===== Data in this exercise =====

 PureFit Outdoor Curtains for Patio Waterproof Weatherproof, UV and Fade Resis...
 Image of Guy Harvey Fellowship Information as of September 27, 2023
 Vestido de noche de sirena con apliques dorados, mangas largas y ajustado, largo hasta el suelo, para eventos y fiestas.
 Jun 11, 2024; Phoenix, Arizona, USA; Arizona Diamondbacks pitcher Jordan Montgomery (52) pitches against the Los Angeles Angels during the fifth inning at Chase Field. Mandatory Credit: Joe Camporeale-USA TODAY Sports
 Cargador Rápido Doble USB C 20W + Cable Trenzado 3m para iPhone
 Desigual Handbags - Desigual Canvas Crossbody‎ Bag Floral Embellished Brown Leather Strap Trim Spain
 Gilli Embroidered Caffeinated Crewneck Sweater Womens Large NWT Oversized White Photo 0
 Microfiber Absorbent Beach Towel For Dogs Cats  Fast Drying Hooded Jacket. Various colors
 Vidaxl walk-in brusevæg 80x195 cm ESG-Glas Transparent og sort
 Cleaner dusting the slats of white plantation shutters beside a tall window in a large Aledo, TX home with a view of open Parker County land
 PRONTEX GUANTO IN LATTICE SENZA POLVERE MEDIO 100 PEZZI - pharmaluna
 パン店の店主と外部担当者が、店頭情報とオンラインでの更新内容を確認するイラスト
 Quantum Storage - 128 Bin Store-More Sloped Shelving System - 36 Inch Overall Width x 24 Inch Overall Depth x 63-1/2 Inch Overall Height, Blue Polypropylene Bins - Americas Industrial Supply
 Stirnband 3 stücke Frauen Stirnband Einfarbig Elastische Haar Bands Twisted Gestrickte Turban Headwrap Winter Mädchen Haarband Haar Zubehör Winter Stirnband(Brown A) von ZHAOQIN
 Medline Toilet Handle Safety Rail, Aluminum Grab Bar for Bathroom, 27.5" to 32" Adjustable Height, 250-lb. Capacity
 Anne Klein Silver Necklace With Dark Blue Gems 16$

=====

• _What needs to be done_:
Count the lines of the data that include the string "para", and give only that number.

• _Solution to this exercise_:
2